Setaria verticillata

Burn down your cities and leave our farms, and your cities will spring up again as if by magic; but destroy our farms and the grass will grow in the streets of every city in the country. 
- William Jennings Bryan 

 

Cluster grass (Setaria verticillata) in my garden in Tarlton, Gauteng, South Africa. It is an indigenous Spike grass and a weedy species. 

Afrikaans - Trosgras 
Camera FujiFinepix 2800Zoom 

I just LOVE this indigenous grass that took root in a corner of my garden. The birds actually go mad for it and it is such a delight to watch them hanging upside-down, picking at the seeds! It makes a lovely little display in that one corner and it also saves on buying seeds! 

This grass grows in weak tufts that can reach up to 1m, but are usually about 250mm high.
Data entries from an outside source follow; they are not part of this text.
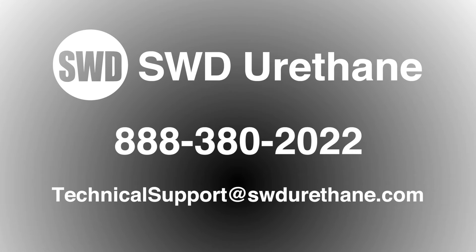For additional questions, contact our technical team at 888-380-2022.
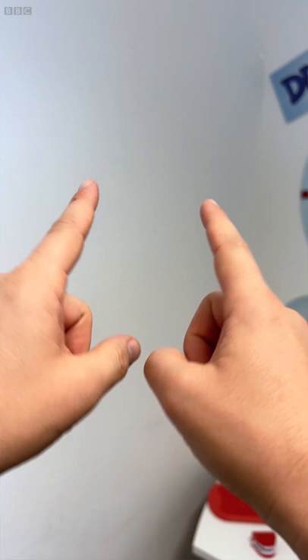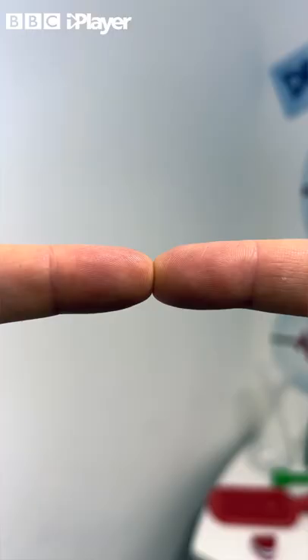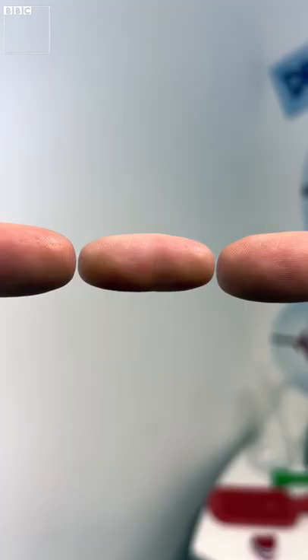For this experiment to work, you're going to need your index fingers. Put them together so the tips are just touching and hold them about a hand's width away from your face. Look at the tips and then relax your eyes and look past them, and a mini sausage will appear out of thin air!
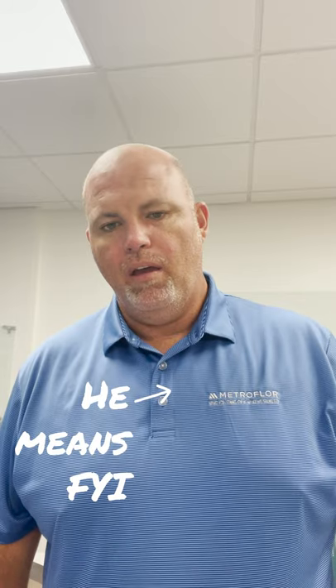Hello everyone, my name is Kevin Parker and welcome to another edition of FYI Friday. Today we're going to talk about one of our newest installation systems and products called Attraction. Let's get started.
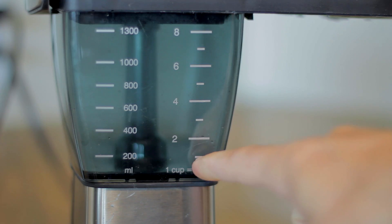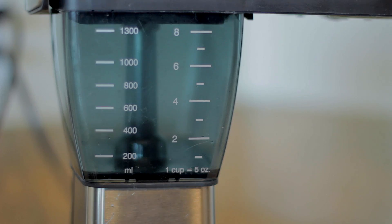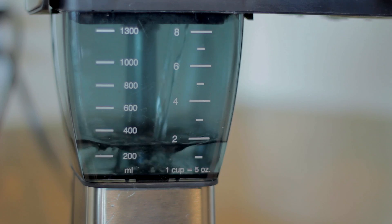The biggest question I get asked on these brewers is how much coffee and how much water do I use? Each one of these cup lines on the brewer holds 150 grams of water, so basically for every two cup lines you're gonna get one full mug of coffee. There's a little cheat sheet on the side that says one cup equals five ounces, but nobody drinks a five ounce cup of coffee. I'm gonna brew two full mugs, so I'm going up to the four cup line — that's 600 grams of water.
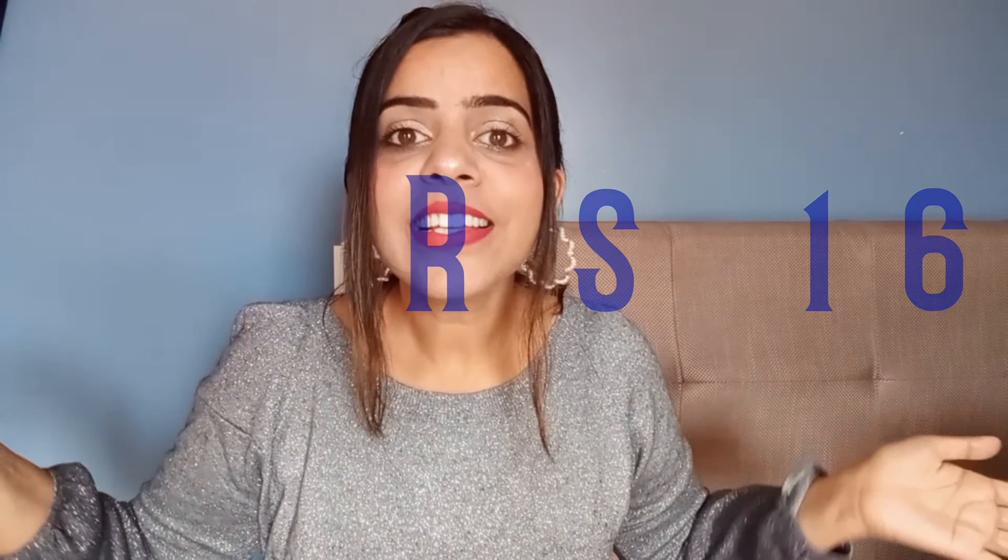So yeah guys, this was my Club Factory shopping haul. It felt good revisiting all the items since I had forgotten what I ordered. If you liked this video, hit the like button and subscribe to my channel for more review and haul videos. I will be coming up with more such content, so don't forget to subscribe. Take care, bye!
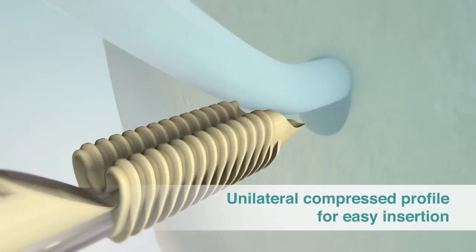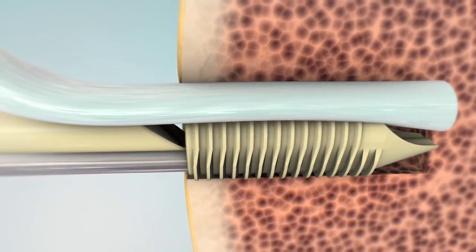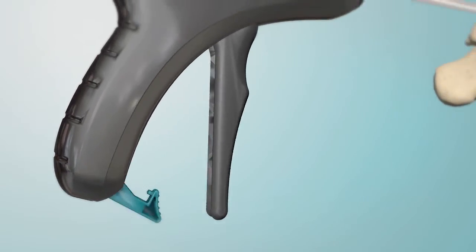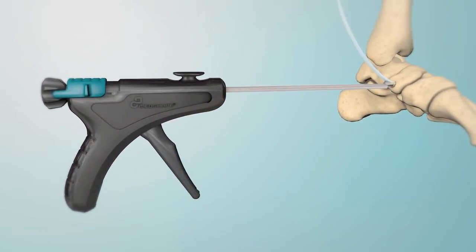The unilateral compressed profile of the sheath facilitates easy insertion alongside the tendon. Unlock and squeeze the trigger for easy, controlled expansion of the sheath and complete circumferential soft tissue compression.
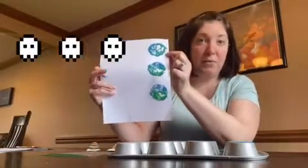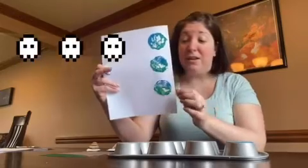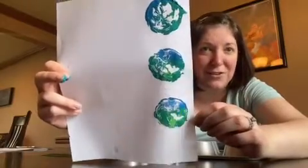So I have this print, which was my original. I have the second ghost print. And then this is my third ghost print. They all look very different from each other, which is pretty interesting.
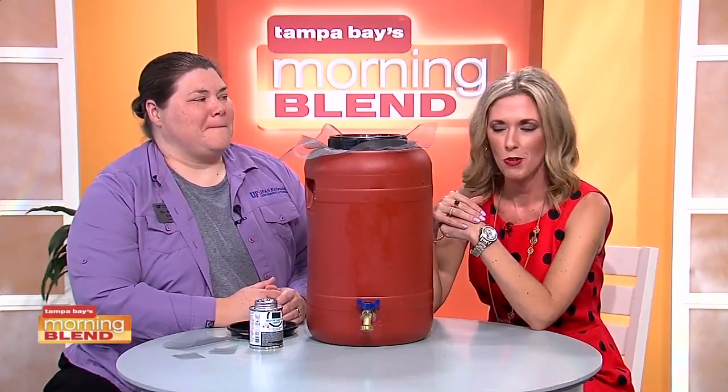How about using all of that rain water, which we'll be getting over the next several months — it could be a great way to irrigate your plants. Dr. Whitney Elmore is back with more on how to use rain barrels.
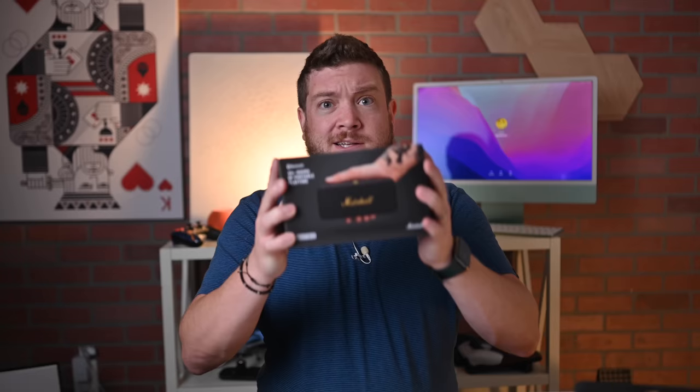We need to talk about the Marshall Emberton 2, because I'm pretty sure I just found the best new portable speaker. Welcome everybody to Apple Insider. It is Andrew here, and I've been using the new Marshall Emberton 2 for a few weeks. Let's go ahead and take a look at it.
Leaves are soft, hairy, pliable and few in number, giving the plant a rather loose, open appearance. Inflorescences are fairly short and distinctly spike-shaped. Neighbouring plants tend to become entangled in the finely barbed bristles of these spikes, creating the impression that they are 'sticky'. They flower from mid-summer to June. 

Occurs almost everywhere except for arid areas in Namaqualand and parts of the Eastern Cape. Seeds of the grass are used to make beer in South Africa and porridge in Namibia and has been used as a famine food in India.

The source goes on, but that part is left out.